ハマっ子ノスタルジー

       
『大洋ホエールズ』
(第25話)
                             広瀬裕敏
 
 
 中学生の終わりころホエールズファンになった。今の横浜ベイスターズである。
 小学生のころはまわりの子供と同じく巨人ファンだった。
 テレビ神奈川という地方局ができるまで、巨人戦以外のテレビ中継など無く、新聞で試合結果と、松原や高木由一の打率を毎日チェックするようになった。高木は、相模原市役所出身のドラフト外選手ながら、当時の中軸バッターだった。
 中学生になってまじめに勉強する習慣が無くなり、文学に耽溺した。団塊の世代の学園紛争をじっと見ていた。
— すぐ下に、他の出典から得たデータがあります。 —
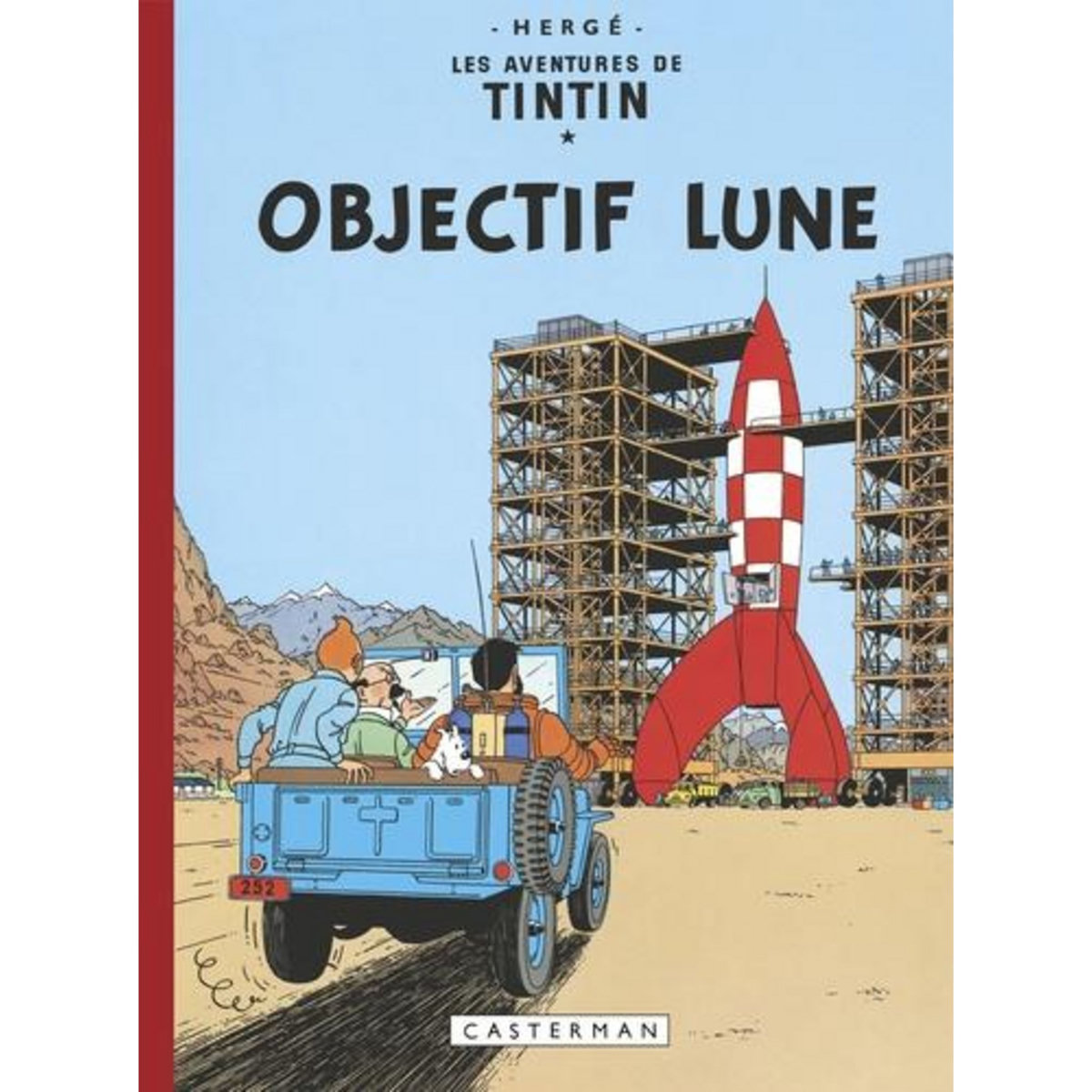 LES AVENTURES DE TINTIN : OBJECTIF LUNE. EDITION FAC-SIMILE EN COULEURS, Hergé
 そしていつしか常勝巨人ではなく、万年Bクラスのホエールズを愛するようになっていた。
 川崎球場に行ったのは一度きりである。友人の家が、川崎球場と堀の内の間で開業医をやっており、彼の家に遊びに行ったついでに球場に行った。その狭さとトイレの汚さにビックリした。
 当時ホームラン三十本以上が五人並ぶという打のチームだった。平松の先発以外は、打った分だけ打たれていた。山下、長崎、高木、松原、シピン、田代,福嶋、中塚といったラインナップで、中でも田代は「鯵の開き」というあだ名で子供たちの人気だった。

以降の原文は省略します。